Task directions: The reply should contain only the lines from the start of the records through the line with "Papa College Style", reproduced verbatim and without pictures.

..............................

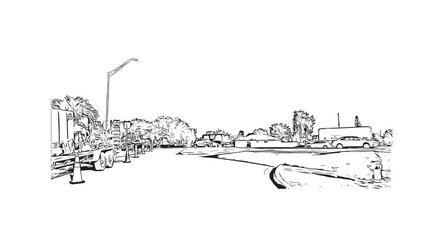 Building view with landmark of Pompano Beach is the 
city in Florida. Hand drawn sketch illustration in vector.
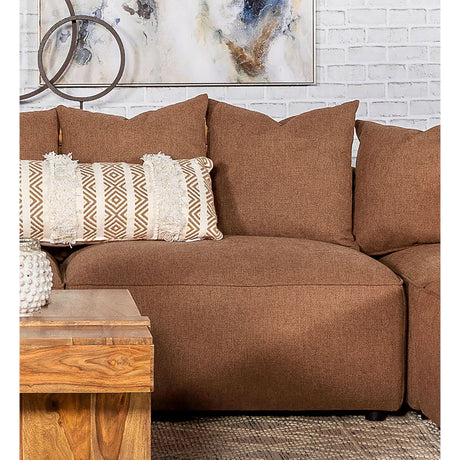 Colleen - Armless Chair With Pillows - Terracotta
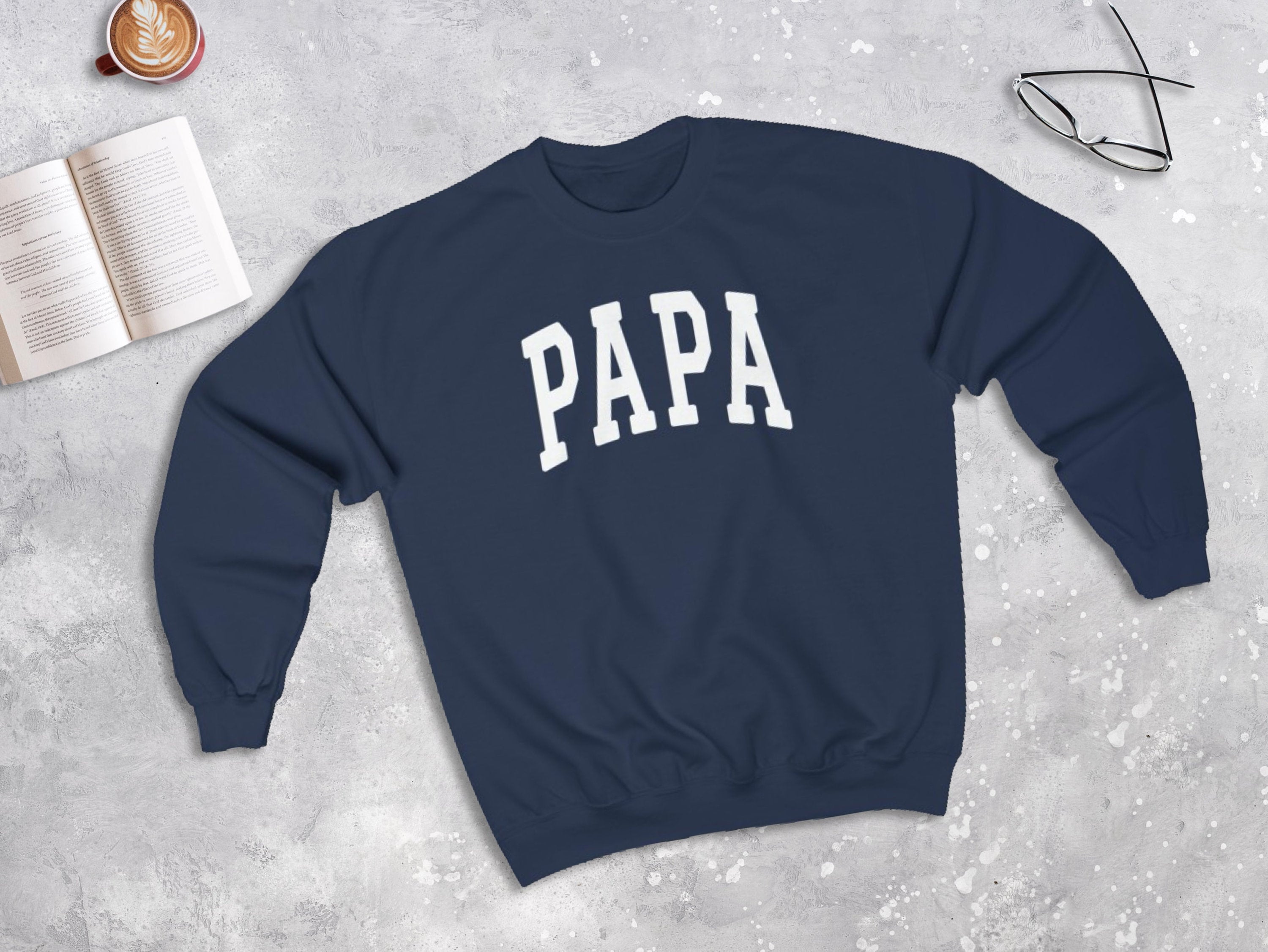 Papa College Style Sweatshirt, Father's Day Papa Sweater (Unisex)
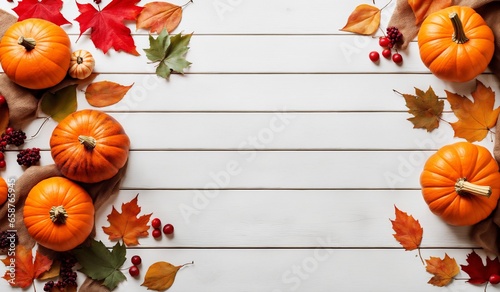Autumn Display Featuring Pumpkins  Berries  and Leaves on a White Wooden Surface  Perfect for Thanksgiving or Halloween  Includes Space for Text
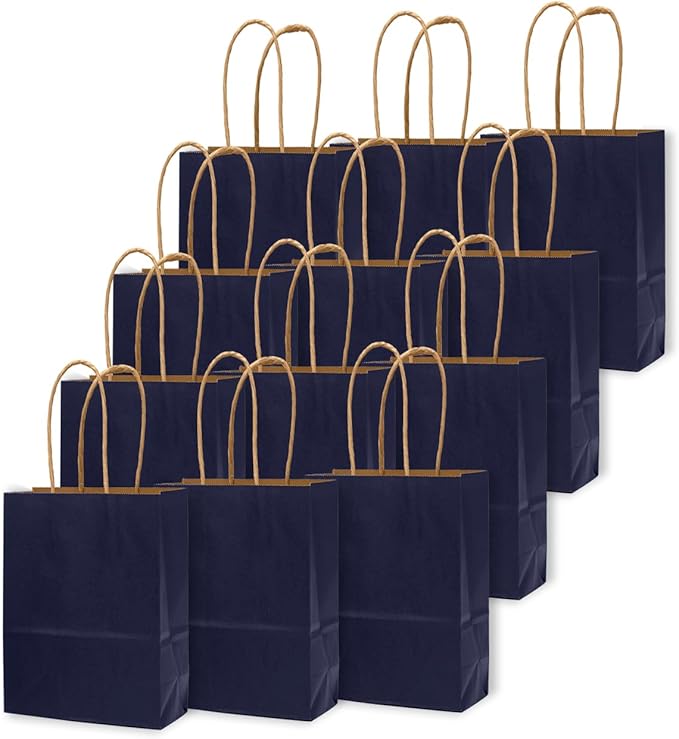 qiqee 24 Pcs Navy Blue Mini Paper Gift Bags with Handles 6"x4.5"x2.5" Small Brown Kraft Party Favor Treat Bags Multiple Uses (Mini size)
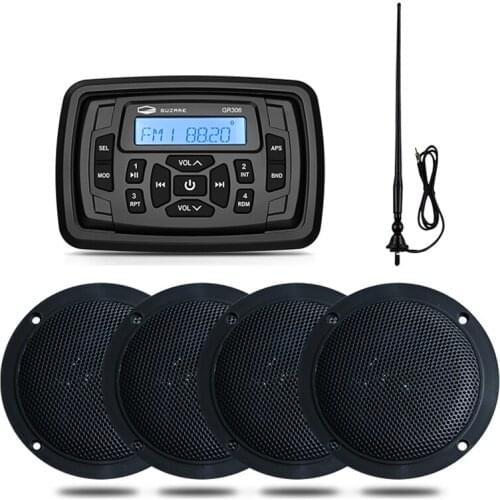 Waterproof Marine Radio Boat Audio Stereo Bluetooth MP3 Player+4" Marine Speaker+AM FM Antenna For RV ATV Golf Cart Motorcycle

..............................

Task response:
 Building view with landmark of Pompano Beach is the 
city in Florida. Hand drawn sketch illustration in vector.
 Colleen - Armless Chair With Pillows - Terracotta
 Papa College Style Sweatshirt, Father's Day Papa Sweater (Unisex)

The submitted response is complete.